**Aim of the exercise**: Restate word for word the part of the material that runs from the line containing "Poster Orange Et Black Dragon" through its final line, inclusive, minus the pictures.

**Material provided**:
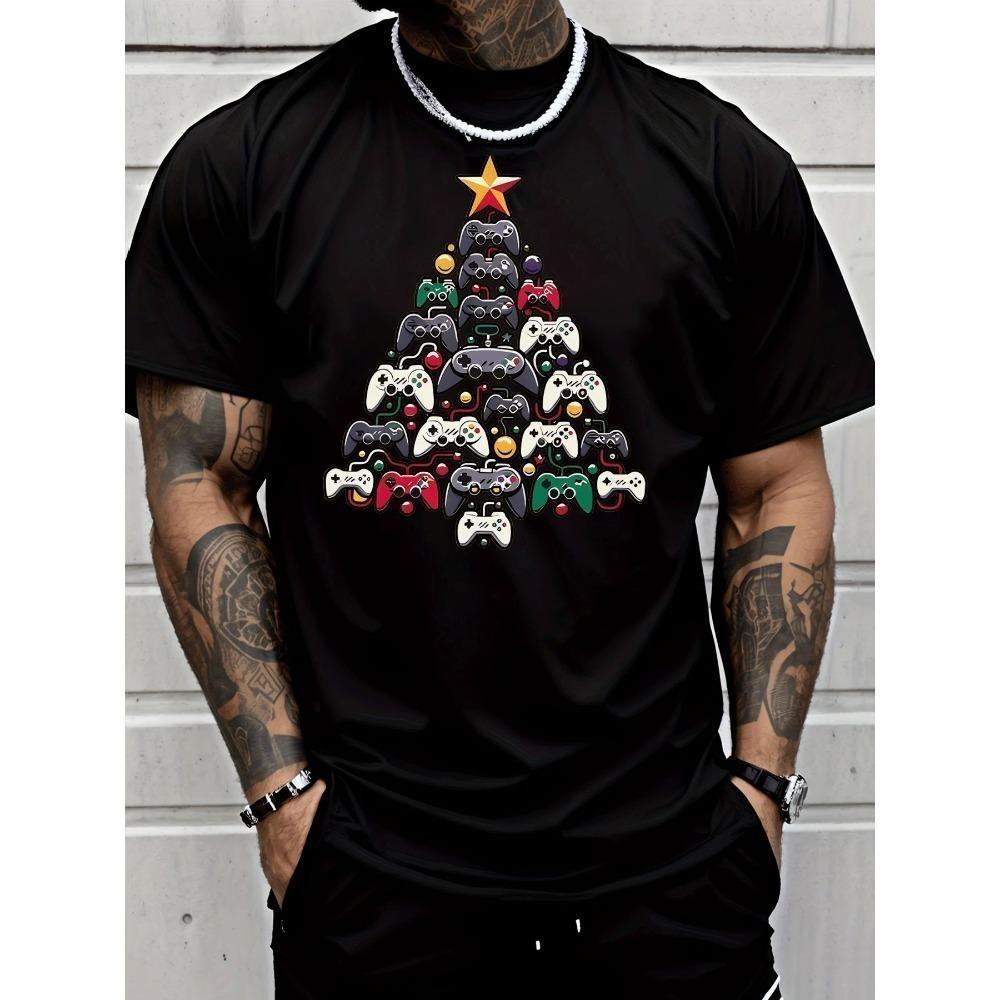 

European Sizes Men S Trendy Short-Sleeve Graphic Tee Featuring a Christmas Tree Star Ornament Design with a Game Controller S чёрный
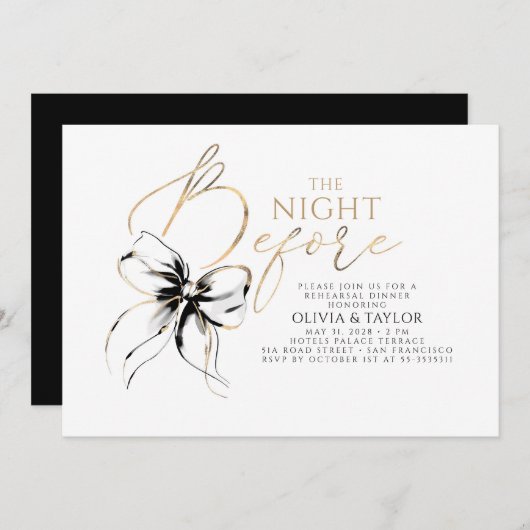 Black Bow Elegant Modern Chic Rehearsal Dinner Kaart (Voorkant / Achterkant)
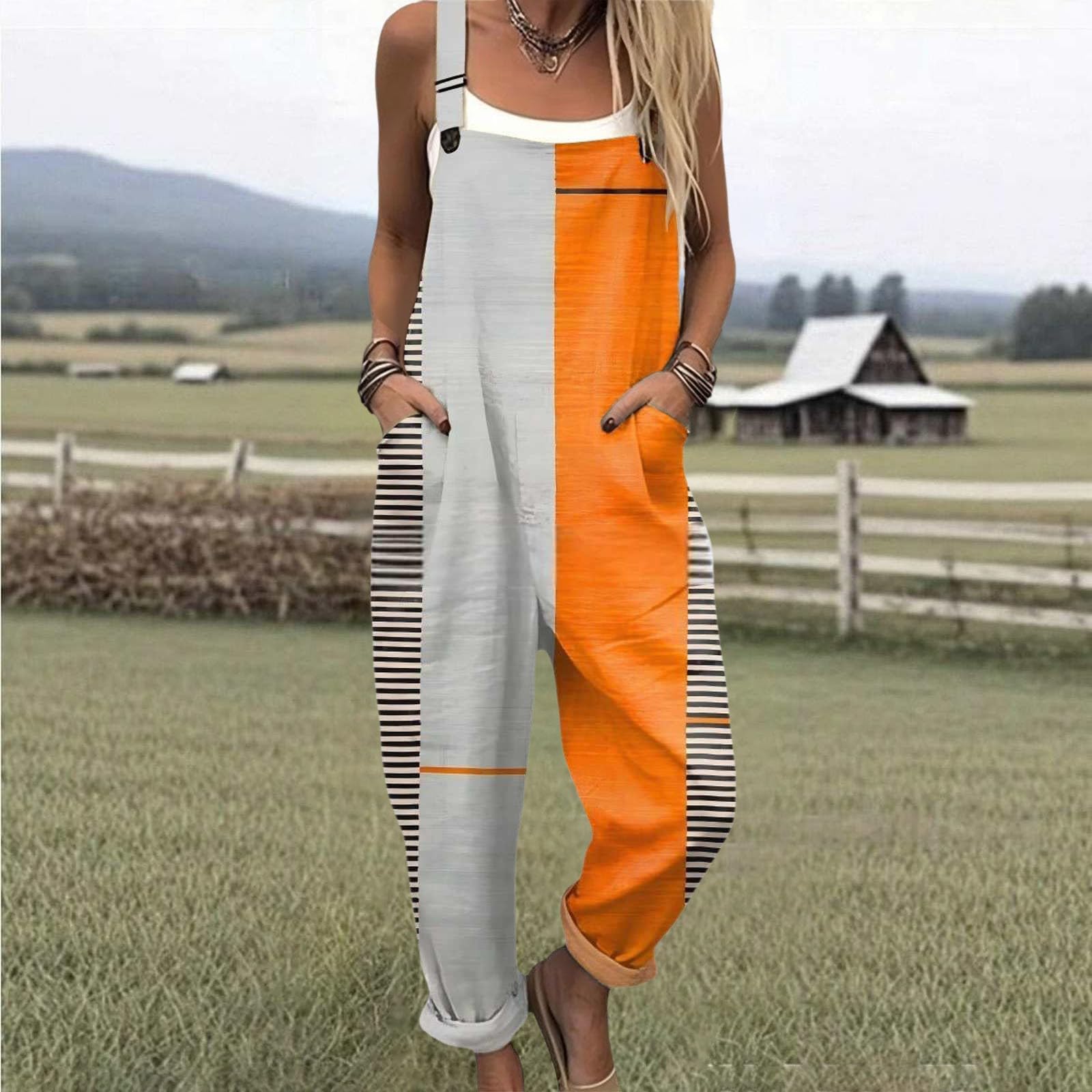 Generico Salopette Donna Estiva Lunga Elegante Tuta Jumpsuit Intera Curvy Casual Moda Stampa Jumpsuits Comoda Larga Pantaloni Da Lavoro Con Tasca Leggera Baggy Salopettes da Casa, Playsuit Mare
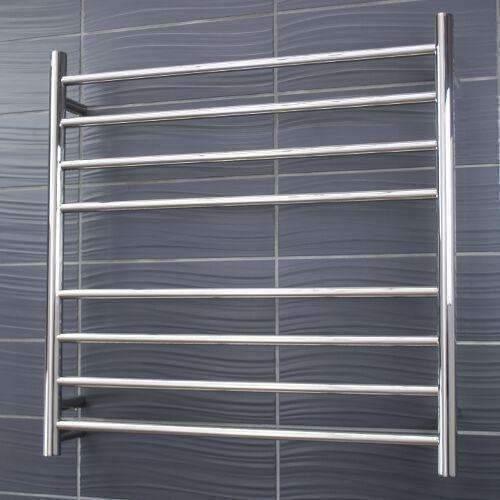 Radiant 8 Bar Round Heated Rail 750X750 Polished S/S Right Hand - Burdens Plumbing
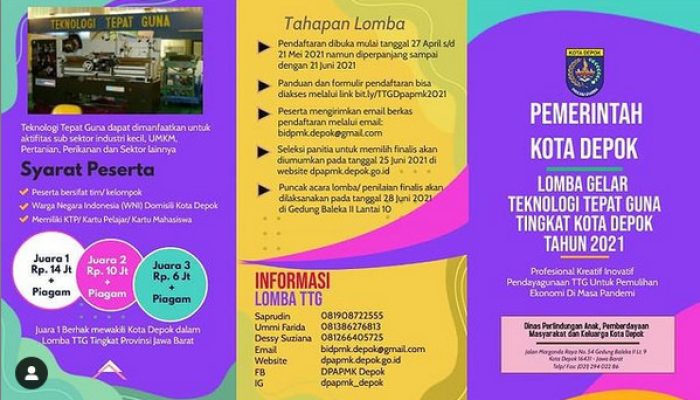 Gali Potensi, DPAPMK Depok Gelar Lomba Teknologi Tepat Guna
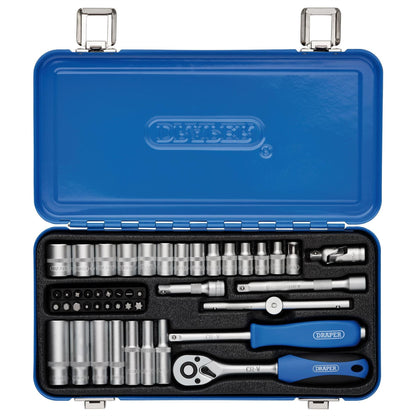 Draper 16365 Metric Socket Set in Metal Case 1/4" Sq. Dr. 45 Piece Draper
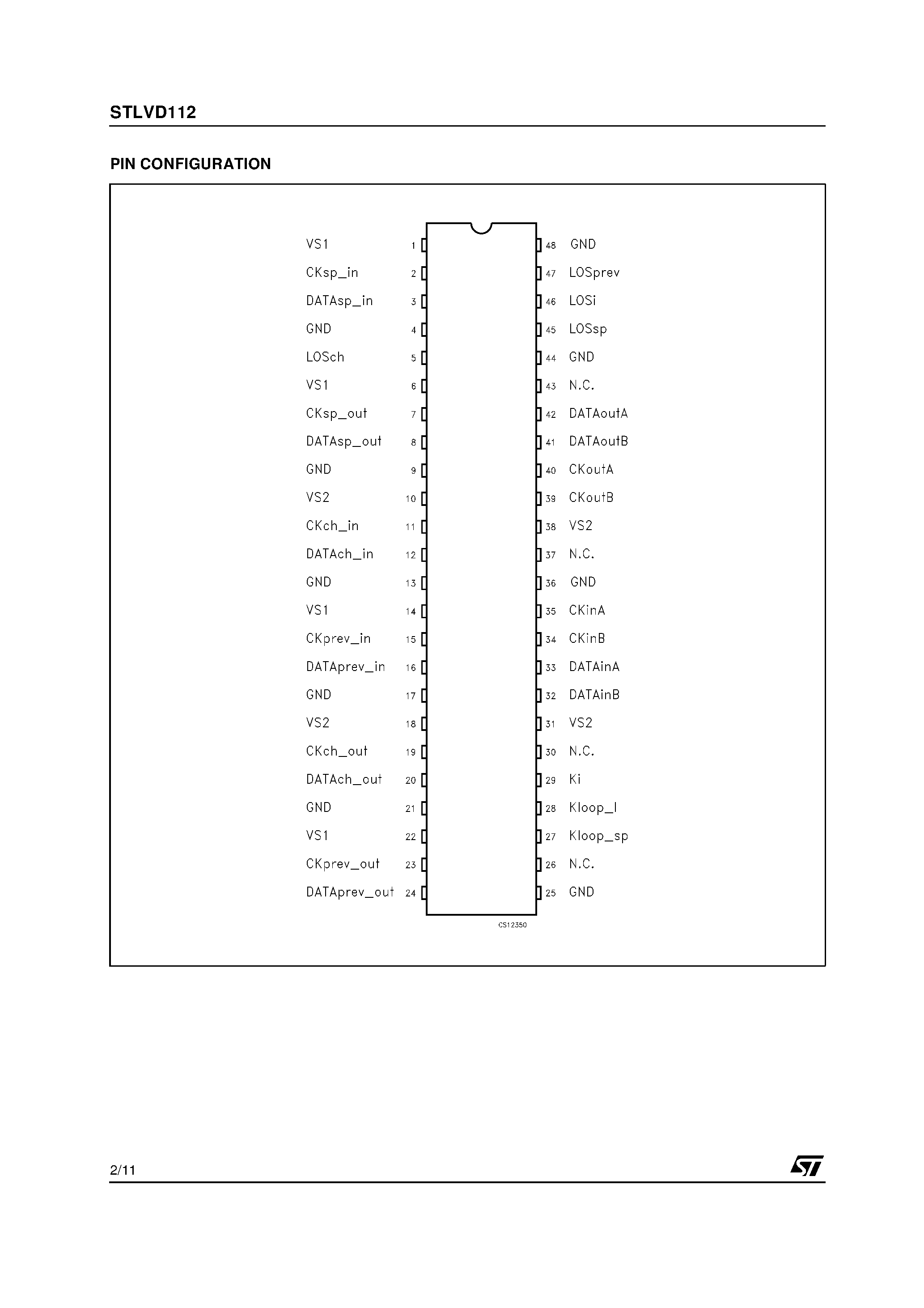 Datasheet STLVD112 page 2 Datasheet STLVD112 - HIGH SPEED PROTECTION SWITCH page 2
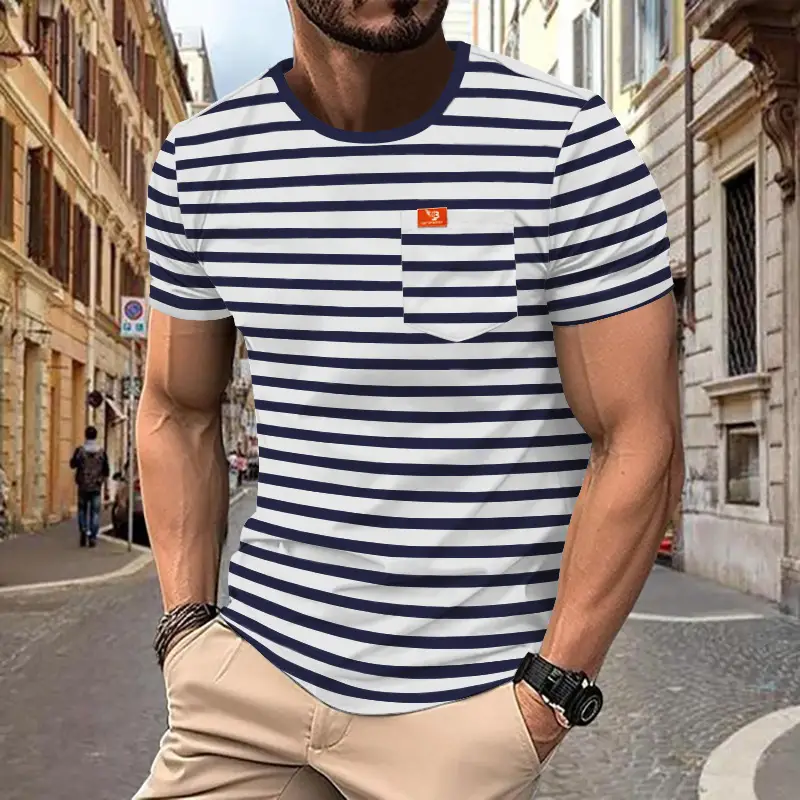 Men Striped Cotton T-Shirt Red White Round Neck — feature 3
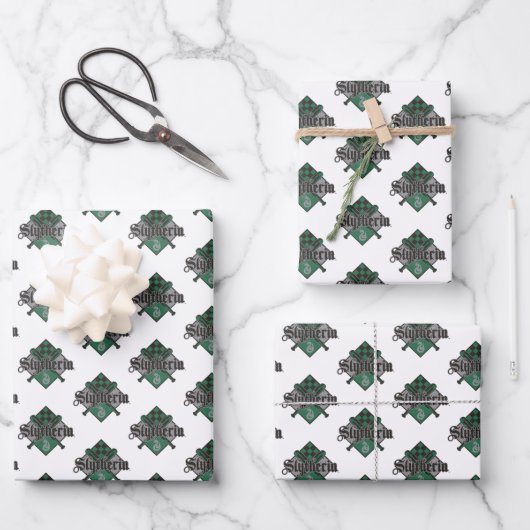 Harry Potter Slytherin | QUIDDITCH™ Crest Geschenkpapier Set (Vorderseite)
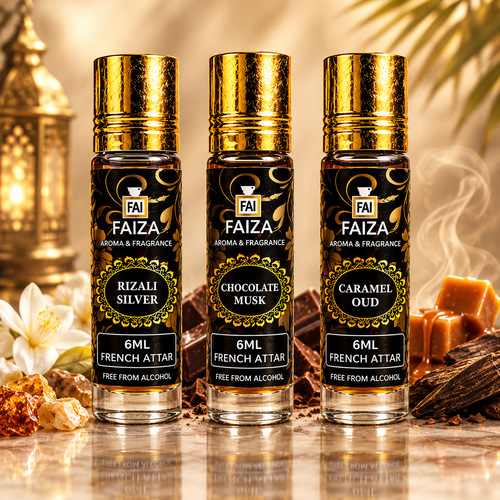 Faiza Aroma Luxury Attar Collection – 3 Pcs Premium French Attar Gift Set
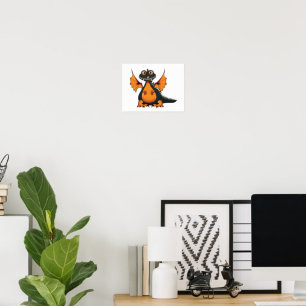 Poster Orange Et Black Dragon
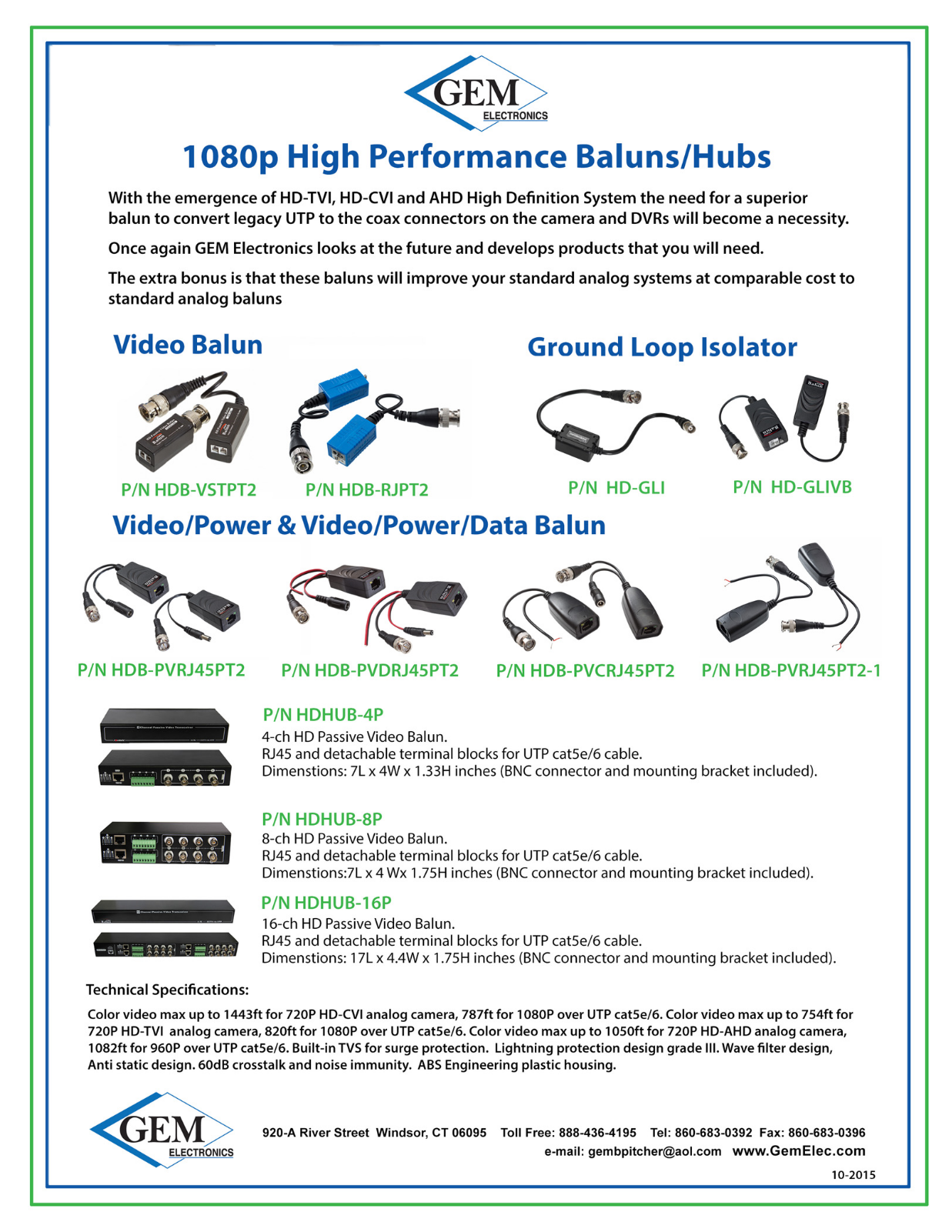 GEM HDHUB-16PVP, HDHUB-4PVP, HDHUB-8PVP, HD-1POC User Manual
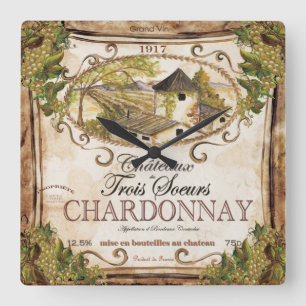 Vintage Pittoresque Vin Étiquette Horloge murale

**Solution to this task**:
 Poster Orange Et Black Dragon
 GEM HDHUB-16PVP, HDHUB-4PVP, HDHUB-8PVP, HD-1POC User Manual
 Vintage Pittoresque Vin Étiquette Horloge murale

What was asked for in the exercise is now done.